Thankfully, they’ve got one thing working against them: They’re absolutely delicious.

It seems like we should hunt and kill them all. But following through on the vengeance and preparing these aquatic beasts isn’t so easy. Those spines are venomous, so many fishermen won’t go near them.

“A lot of the local fishermen were terrified of them,” Houston Moncure, one of the owners ofBluefields Bay Villas in Jamaica, said. “We had started to see them and hear guest reports of them when they’d snorkel. Then we had a Peace Corps volunteer who said he had learned how to remove the thorns and cook it.”

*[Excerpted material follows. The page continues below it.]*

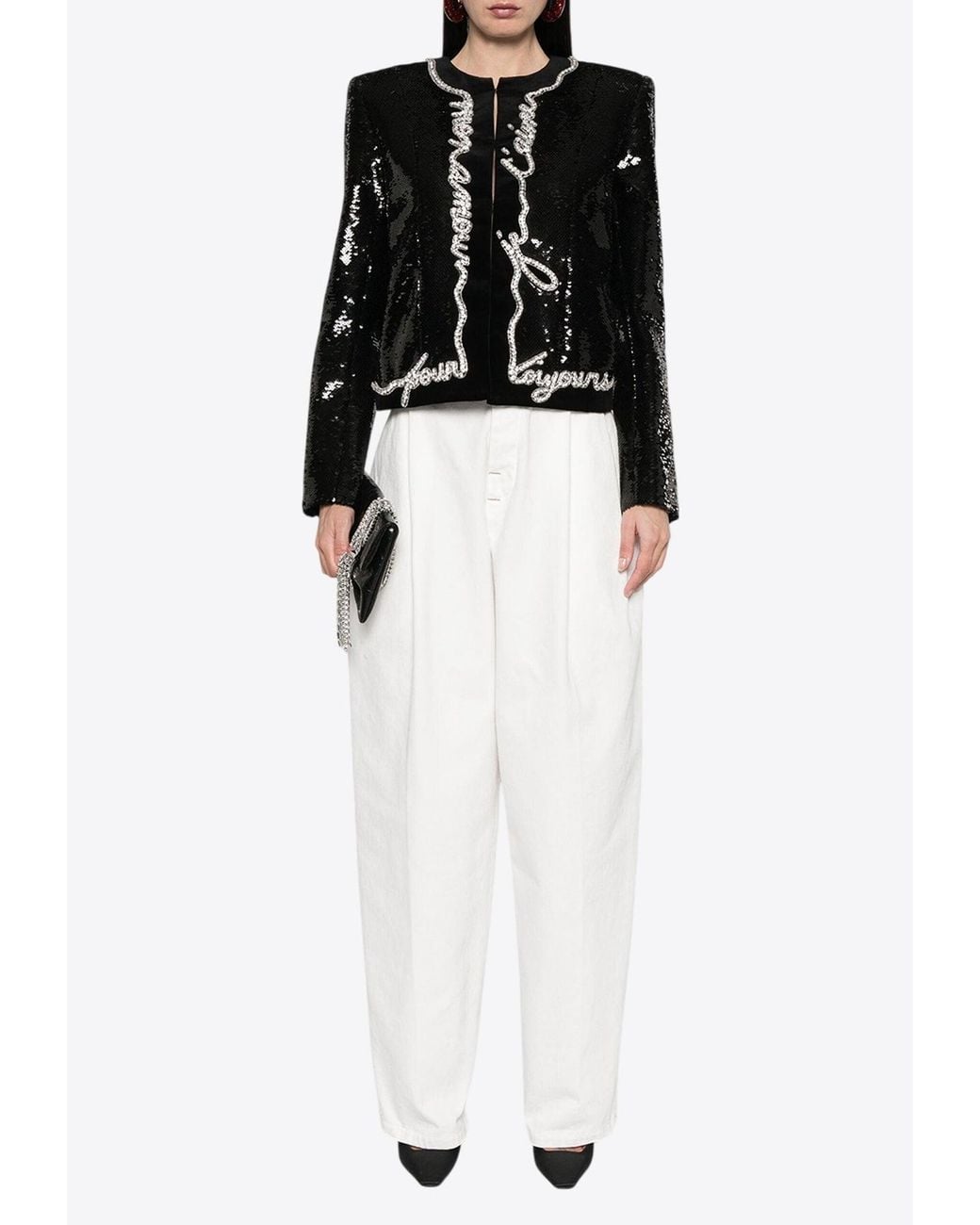 Balmain Black Love Letter Sequined Jacket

Bluefields Bay Villas’ executive chef, Carmen Hibbert, learned how to remove the spines and safely handle the fish. Grilled, beer battered, or prepared like jerk chicken with a coconut sauce, Hibbert said their guests went wild for it.

“They ask for it all the time,” Hibbert said.

In the United States, lionfish rodeos are becoming a popular way to get the fish. Executive chef and co-owner of GW Fins Tenney Flynn first learned about lionfish when he was approached by a South Bend, Indiana restaurant equipment company that was putting on a lionfish rodeo in Del Rey.

“Basically, 100 divers went out and caught around 700 to 800 lionfish and I helped to cook them,” Flynn said.

After that, he started participating in more lionfish rodeos as a diver.

“I always wanted to scuba dive and this was a reason to do it,” Flynn said.

It was in Florida that another US chef found a lionfish supply from lobster fishermen.

Ryan Chadwick is one of the owners of Norman’s Cay in New York, but he first had lionfish 12 years ago in the Bahamas. When he started developing the menu for his Caribbean restaurant, he knew he wanted lionfish on it.

“It’s delicious,” Chadwick said of the fish. But finding a supply of the fish was hard, so he developed his own.

“I would fly down there [to the Bahamas] to pick up a few and fly back with it,” Chadwick said.

That wasn’t cost effective once the restaurant was open, but he found that lobster fishermen in the Florida Keys were catching them in their traps, so he arranged to FedEx overnight fresh shipments. However, lobster season recently ended, so Chadwick is now trying to put together a team of divers to fish lionfish in the off-season.

“They’re the ultimate sustainable seafood,” Moncure said.

The meat is very soft and buttery and similar to any white fish. “It’s a dense, sweet, mild fish that I think anyone would like, and there are lots of ways to prepare,” Flynn said.

Some of the ways Chadwick prepares the fish at Norman’s Cay are grilled or fried with tomatillo, chickpeas, salsa, and fennel, or raw as a lionfish crudo with jalapeno vinaigrette, mango, pickled red onion, and mint.

Rather than freaking out about the invasion, everyone needs to shut up and eat it.